Analysis of the ITDs
[0042] The ITDs are determined by the time or phase alignment which
gives the best match between the waveforms of both channels. One
method to obtain the ITD is to compute the cross-correlation
function between two corresponding subband signals and searching
for the maximum. The delay that corresponds to this maximum in the
cross-correlation function can be used as ITD value.
[0043] A second method is to compute the analytic signals of the
left and right subband (i.e., computing phase and envelope values)
and use the phase difference between the channels as IPD parameter.
Here, a complex filterbank (e.g. an FFT) is used and by looking at
a certain bin (frequency region) a phase function can be derived
over time. By doing this for both left and right channel, the phase
difference IPD (rather then cross-correlating two filtered signals)
can be estimated.
Analysis of the Correlation
[0044] The correlation is obtained by first finding the ILD and ITD
that gives the best match between the corresponding subband signals
and subsequently measuring the similarity of the waveforms after
compensation for the ITD and/or ILD. Thus, in this framework, the
correlation is defined as the similarity or dissimilarity of
corresponding subband signals which can not be attributed to ILDs
and/or ITDs. A suitable measure for this parameter is the
coherence, which is the maximum value of the cross-correlation
function across a set of delays. However, other measures could also
be used, such as the relative energy of the difference signal after
ILD and/or ITD compensation compared to the sum signal of
corresponding subbands (preferably also compensated for ILDs and/or
ITDs). This difference parameter is basically a linear
transformation of the (maximum) correlation.
Parameter Quantization
[0045] An important issue of transmission of parameters is the
accuracy of the parameter representation (i.e., the size of
quantization errors), which is directly related to the necessary
transmission capacity and the audio quality. In this section,
several issues with respect to the quantization of the spatial
parameters will be discussed. The basic idea is to base the
quantization errors on so-called just-noticeable differences (JNDs)
of the spatial cues. To be more specific, the quantization error is
determined by the sensitivity of the human auditory system to
changes in the parameters. Since it is well known that the
sensitivity to changes in the parameters strongly depends on the
values of the parameters itself, the following methods are applied
to determine the discrete quantization steps.
Quantization of ILDs
[0046] It is known from psychoacoustic research that the
sensitivity to changes in the IID depends on the ILD itself. If the
ILD is expressed in dB, deviations of approximately 1 dB from a
reference of 0 dB are detectable, while changes in the order of 3
dB are required if the reference level difference amounts 20 dB.

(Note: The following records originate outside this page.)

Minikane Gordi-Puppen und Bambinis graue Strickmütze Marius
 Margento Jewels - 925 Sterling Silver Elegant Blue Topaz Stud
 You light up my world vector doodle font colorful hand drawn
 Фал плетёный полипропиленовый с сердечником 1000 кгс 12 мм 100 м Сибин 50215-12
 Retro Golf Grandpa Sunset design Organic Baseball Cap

Therefore, quantization errors can be larger if the signals of the
left and right channels have a larger level difference. For
example, this can be applied by first measuring the level
difference between the channels, followed by a non-linear
(compressive) transformation of the obtained level difference and
subsequently a linear quantization process, or by using a lookup
table for the available ILD values which have a nonlinear
distribution. In the preferred embodiment, ILDs (in dB) are
quantized to the closest value out of the following set I:
[0047] I=[-19-16-13-10-8-6-4-2 0 2 4 6 8 10 13 16 19]
Quantization of the ITDs
[0048] The sensitivity to changes in the ITDs of human subjects can
be characterized as having a constant phase threshold. This means
that in terms of delay times, the quantization steps for the ITD
should decrease with frequency. Alternatively, if the ITD is
represented in the form of phase differences, the quantization
steps should be independent of frequency. One method to implement
this would be to take a fixed phase difference as quantization step
and determine the corresponding time delay for each frequency band.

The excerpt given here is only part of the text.